Mas eis que passei estes 30 minutos discutindo e defendendo meu ponto de vista de como a poesia (no sentido mais aristotélico) deveria estar a frente da arte e, agora a noite, tomei um tiro filosófico: vi, em uma imagem, uma pixação num muro com as palavras "poesia não basta". E mais eficaz do que meus 30 minutos de blablabla matinais, essas três palavrinhas me obrigaram a botar o pé pra fora das minhas certezas e cá estou eu repensando em longos parágrafos tudo que disse pela manhã.
Não pretendo, porém, elaborar exatamente sobre a necessidade da poesia, ou se ela somente basta (referente à quê e em que sentido), ainda que esteja naturalmente fazendo isto agora mesmo, mas sim pensar na discrepância da eficácia entre meu longo discurso para orelhas desinteressadas realizado pela manhã e esse tiro fulminante que foi a pixação. Claro, pegou em mim com tanto vigor por que estava eu já pensando sobre isso, e então a comunicação se estabeleceu por quê já havia certa pré-disposição. Porém, o que me inquieta é a capacidade de síntese, o poder de uma frase afirmativa tão crua e violenta.
Como se dá, exatamente, esse soco recebido nessa merreca de letras? Algo deve haver na própria forma da coisa, que demonstra como o meu grande discurso tinha pouca ou nenhuma capacidade de transformação ou diálogo. De fato, estas três palavras escritas na pedra, aparentemente tão irredutíveis, extrapolam elas mesmas a possibilidade de seu discurso, e caem em mim como um mundo vasto a ser explorado. Ao invés de uma longa explicação (como esta que estou fazendo), elas tem concentradas um mundo de pensamento, uma longa jornada de descoberta e atrito, um percurso a ser realizado.
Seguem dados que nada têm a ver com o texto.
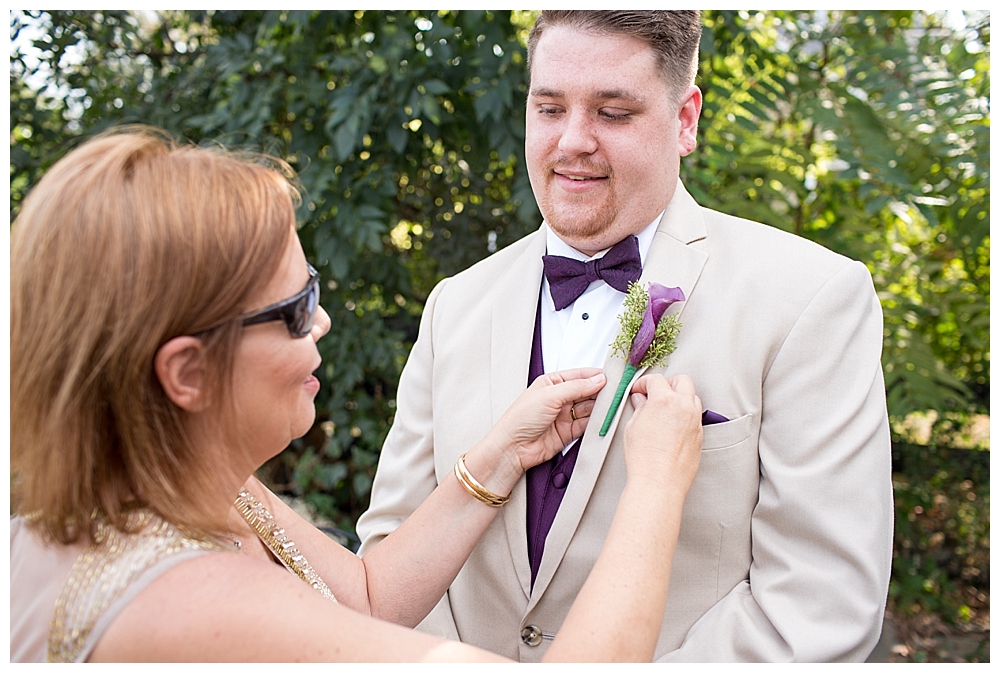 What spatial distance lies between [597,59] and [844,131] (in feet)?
6.76

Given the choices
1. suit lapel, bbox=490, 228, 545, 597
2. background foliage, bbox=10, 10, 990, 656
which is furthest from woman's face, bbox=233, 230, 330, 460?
background foliage, bbox=10, 10, 990, 656

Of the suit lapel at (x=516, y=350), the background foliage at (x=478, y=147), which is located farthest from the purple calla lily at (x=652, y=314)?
the background foliage at (x=478, y=147)

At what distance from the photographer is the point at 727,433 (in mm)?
1839

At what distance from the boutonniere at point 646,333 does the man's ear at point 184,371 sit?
879mm

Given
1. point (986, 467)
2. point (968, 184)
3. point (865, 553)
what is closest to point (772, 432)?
point (865, 553)

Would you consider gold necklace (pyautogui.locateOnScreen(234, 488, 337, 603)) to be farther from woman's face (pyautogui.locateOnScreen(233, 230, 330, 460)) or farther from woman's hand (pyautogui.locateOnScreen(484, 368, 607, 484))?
woman's hand (pyautogui.locateOnScreen(484, 368, 607, 484))

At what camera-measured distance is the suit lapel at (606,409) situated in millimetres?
1913

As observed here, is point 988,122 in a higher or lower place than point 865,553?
higher

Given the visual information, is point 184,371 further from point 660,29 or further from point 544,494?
point 660,29

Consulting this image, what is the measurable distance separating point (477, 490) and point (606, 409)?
37cm

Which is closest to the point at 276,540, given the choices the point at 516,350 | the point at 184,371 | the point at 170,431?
the point at 170,431

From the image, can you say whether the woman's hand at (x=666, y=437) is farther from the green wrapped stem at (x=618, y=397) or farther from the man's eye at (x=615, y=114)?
the man's eye at (x=615, y=114) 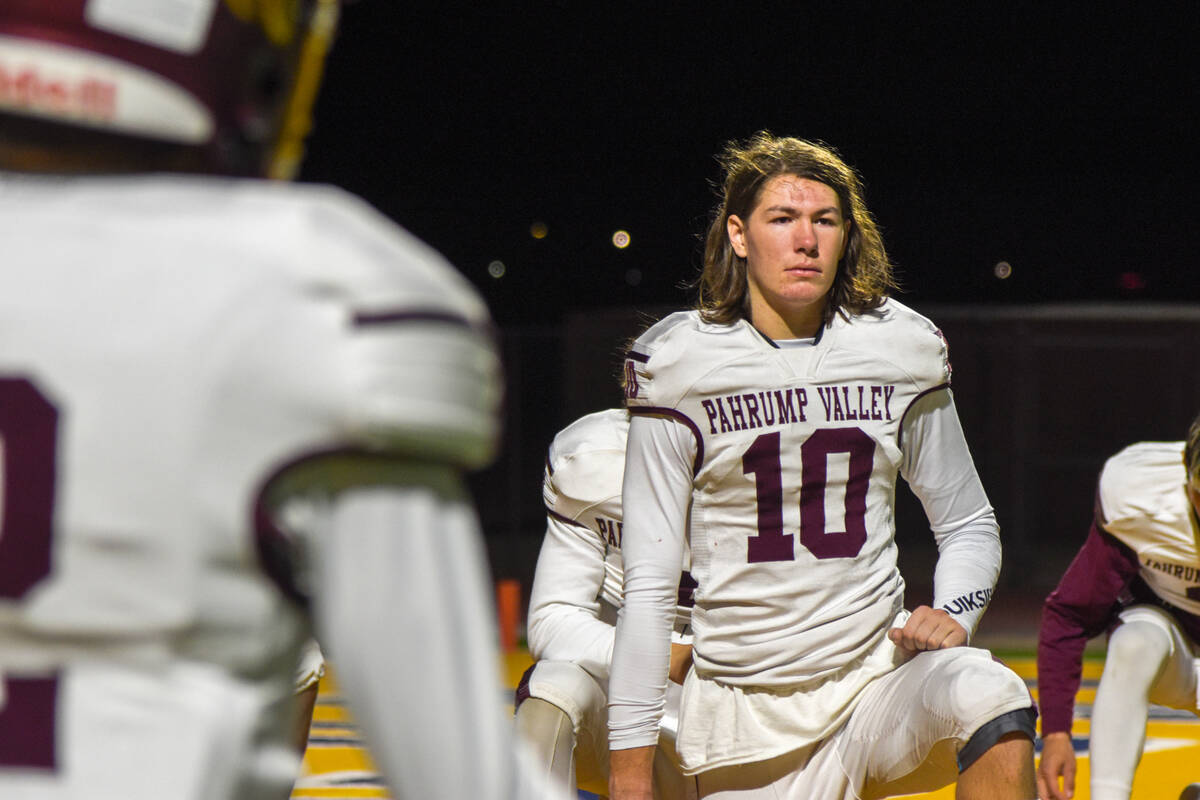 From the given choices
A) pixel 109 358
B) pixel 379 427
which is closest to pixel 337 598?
pixel 379 427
Quando discorro (como agora mesmo), estou não só abrindo o caminho, mas também enchendo ele de placas e letreiros luminosos, setas que apontam o lugar, talvez até umas barraquinhas com uns souvenires. Esse tiro filosófico que tomei, por outro lado, é apenas uma trilha aberta no meio da mata, e ainda que possamos nos perder ao embrenhar por entre ela, é da exploração que vai surtir o prazer da descoberta. Este texto é um ensinamento pra mim que digo ser professor.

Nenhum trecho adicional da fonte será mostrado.